Na pozór dzień jak co dzień. 1 sierpnia 1944 rok, fragment warszawskiej ulicy. W centralnej części reprezentacyjna kamienica obwieszona hitlerowskimi flagami. Tu i ówdzie przechodzą uzbrojeni niemieccy żołnierze, a obok toczy się zwyczajne życie. Uliczna handlarka, pralnia, szewc, bawiące się dzieci, spacerujące kobiety, ktoś czyta na słupie niemieckie ogłoszenia, a muzykanci wygrywają warszawskie piosenki. Rowery, motocykle, auta. Typowy obrazek tamtych czasów, ale to tylko cisza przed "Burzą"...

***

Była to już szósta rekonstrukcja Powstania Warszawskiego, organizowana w Słupsku. Wzięło w niej udział około 250 statystów, a oglądały tysiące widzów. Wśród inscenizatorów znalazła się grupa kilkunastu rekonstruktorów z Piły. Z przyczyn logistycznych musieli wcielić się w role okupantów, ale dziś, na inscenizacjach, nie o kolor munduru chodzi, lecz o naukę historii, przedstawionej w żywy, interesujący sposób.
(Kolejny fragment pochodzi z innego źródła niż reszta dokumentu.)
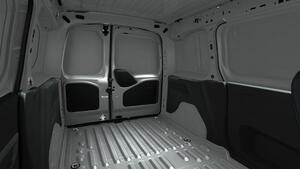Opel Combo Cargo COMBO CARGO - Furgón 6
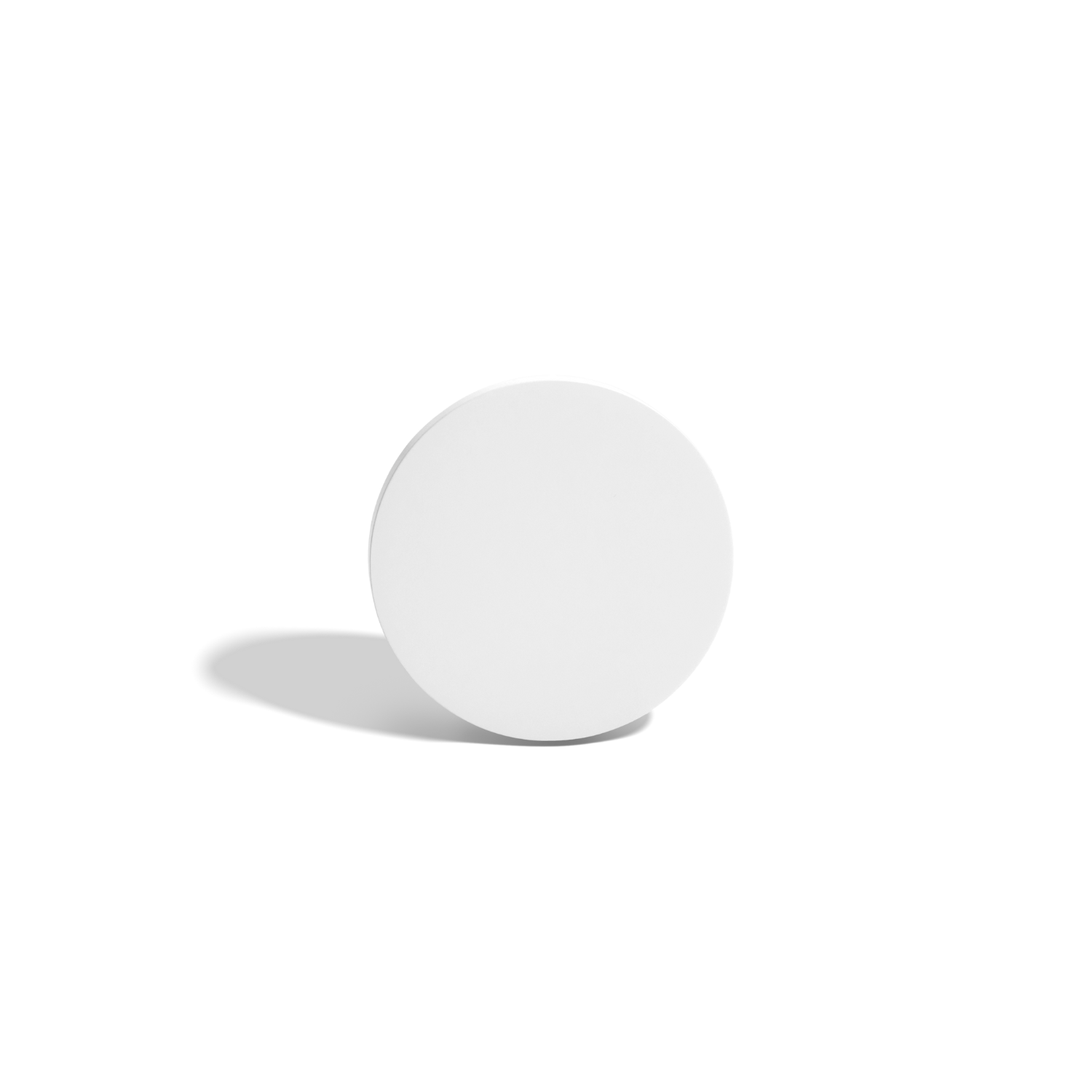 Medium Circle Platform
Zbigniew Zbig Zbigomir, który odtwarzał postać Leutnanta opowiada, że na słupskiej rekonstrukcji poczuł się jak by odbył podróż w czasie. Na wydzielonym fragmencie ulicy nawet ogłoszenia i szyldy były po niemiecku. Kobiety, mężczyźni i dzieci zaprezentowali się w strojach z epoki. Do czasów wojny pasowała też broń, pojazdy, różnego rodzaju rekwizyty. Wszystko to tworzyło niepowtarzalną atmosferę, a wrażenia były tak realistyczne, że mroziły niemal krew w żyłach.

***

Inscenizacja składała się z dwóch części. W pierwszej, przed godzina „W” przedstawiono obrazki z życia okupowanej Warszawy. Codzienność ze spacerującymi ludźmi, bawiącymi się dziećmi, zarabiającymi na chleb rikszarzami, niczego nie spodziewającymi się niemieckimi żołnierzami, odpalającymi sobie nawzajem papierosy itp. itd.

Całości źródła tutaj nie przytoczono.